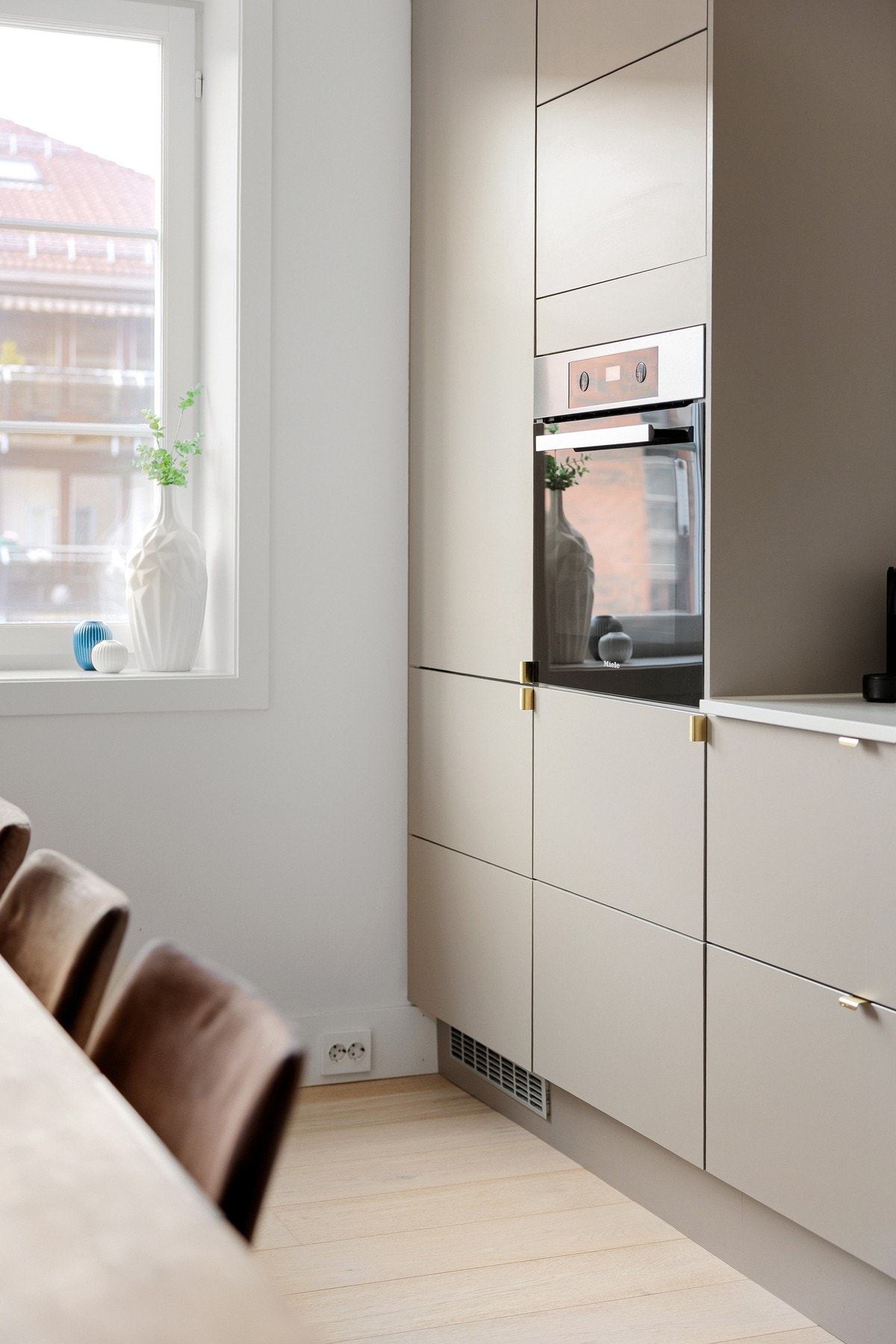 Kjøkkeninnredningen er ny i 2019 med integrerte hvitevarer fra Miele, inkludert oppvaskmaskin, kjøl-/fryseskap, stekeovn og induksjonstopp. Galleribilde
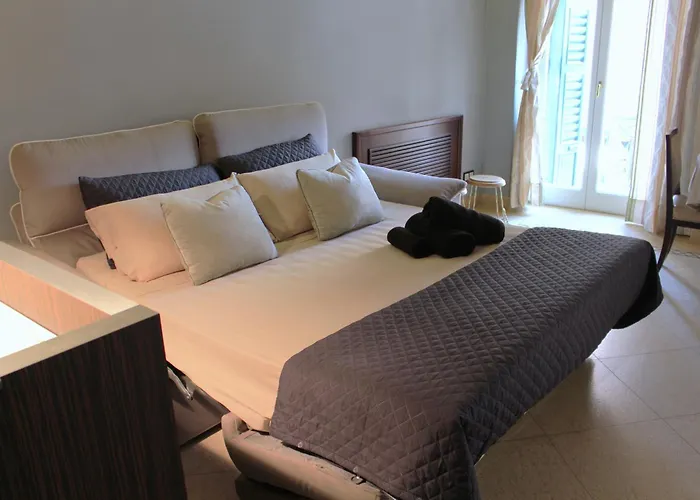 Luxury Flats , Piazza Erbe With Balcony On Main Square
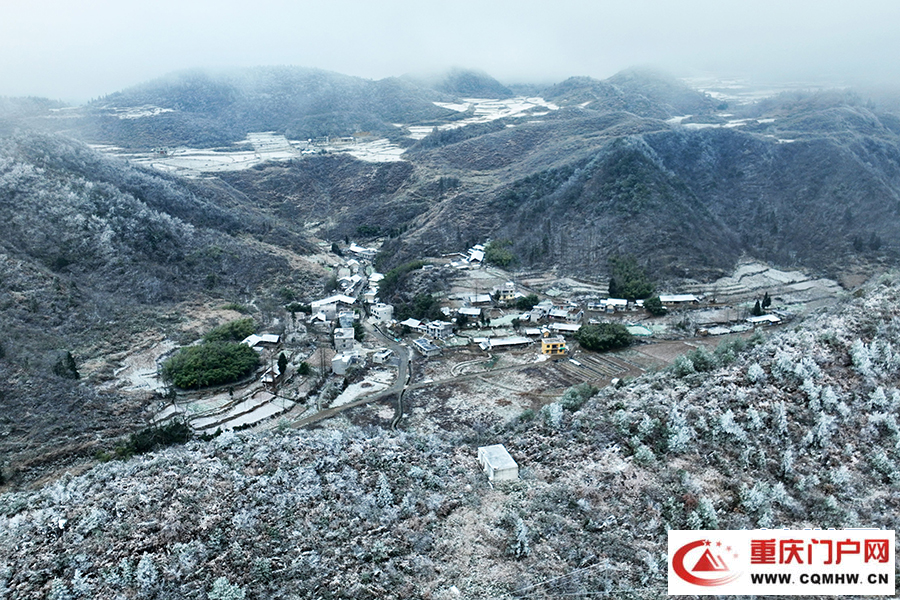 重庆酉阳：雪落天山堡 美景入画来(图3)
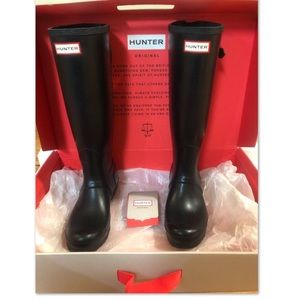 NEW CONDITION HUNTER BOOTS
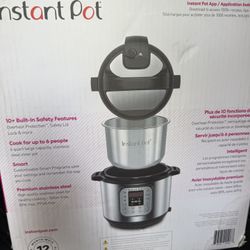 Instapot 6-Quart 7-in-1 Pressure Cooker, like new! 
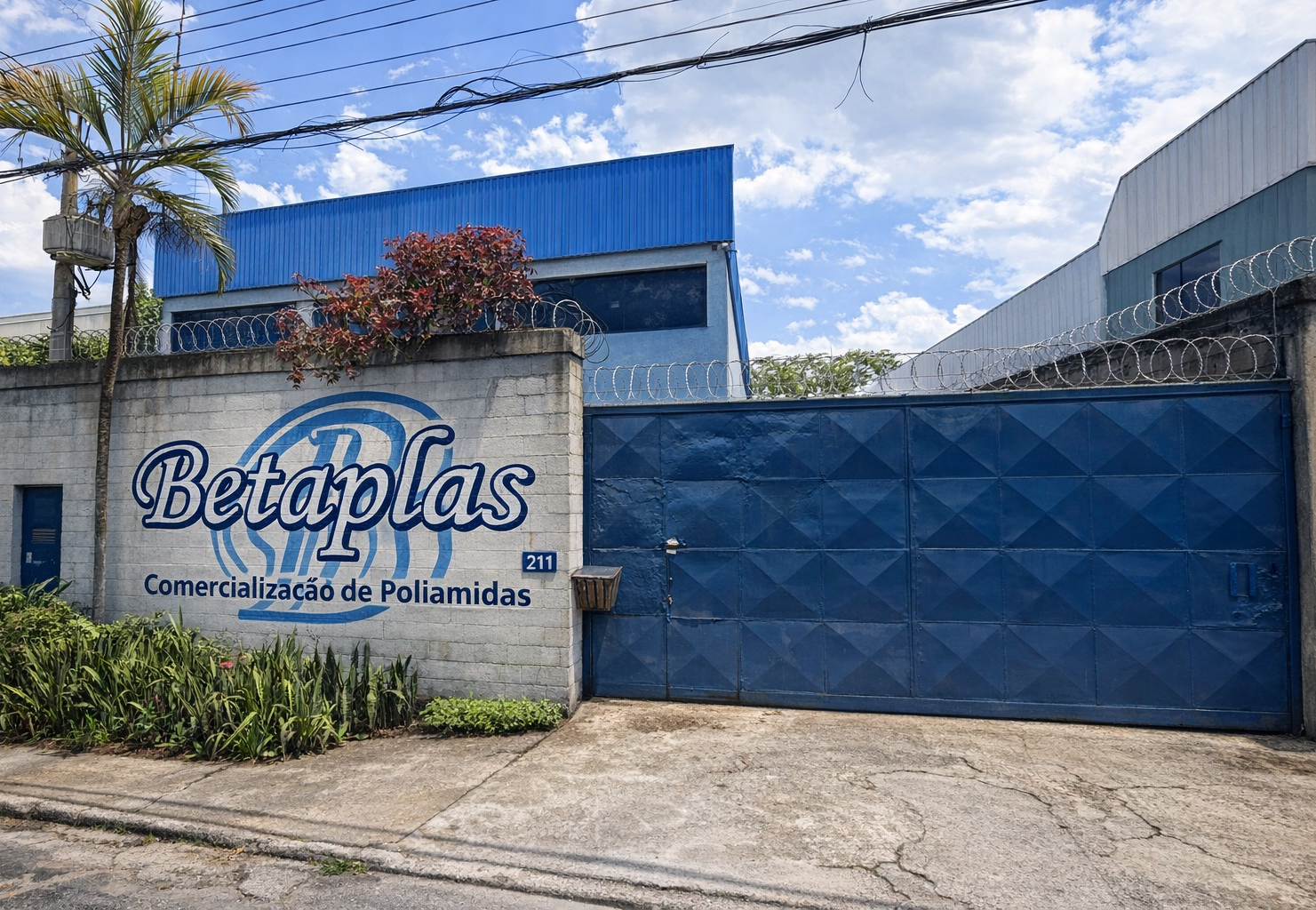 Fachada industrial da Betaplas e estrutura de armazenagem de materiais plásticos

◇ ◇ ◇ ◇ ◇

When copying the listing, print each line exactly but leave out every picture.

 Kjøkkeninnredningen er ny i 2019 med integrerte hvitevarer fra Miele, inkludert oppvaskmaskin, kjøl-/fryseskap, stekeovn og induksjonstopp. Galleribilde
 Luxury Flats , Piazza Erbe With Balcony On Main Square
 重庆酉阳：雪落天山堡 美景入画来(图3)
 NEW CONDITION HUNTER BOOTS
 Instapot 6-Quart 7-in-1 Pressure Cooker, like new! 
 Fachada industrial da Betaplas e estrutura de armazenagem de materiais plásticos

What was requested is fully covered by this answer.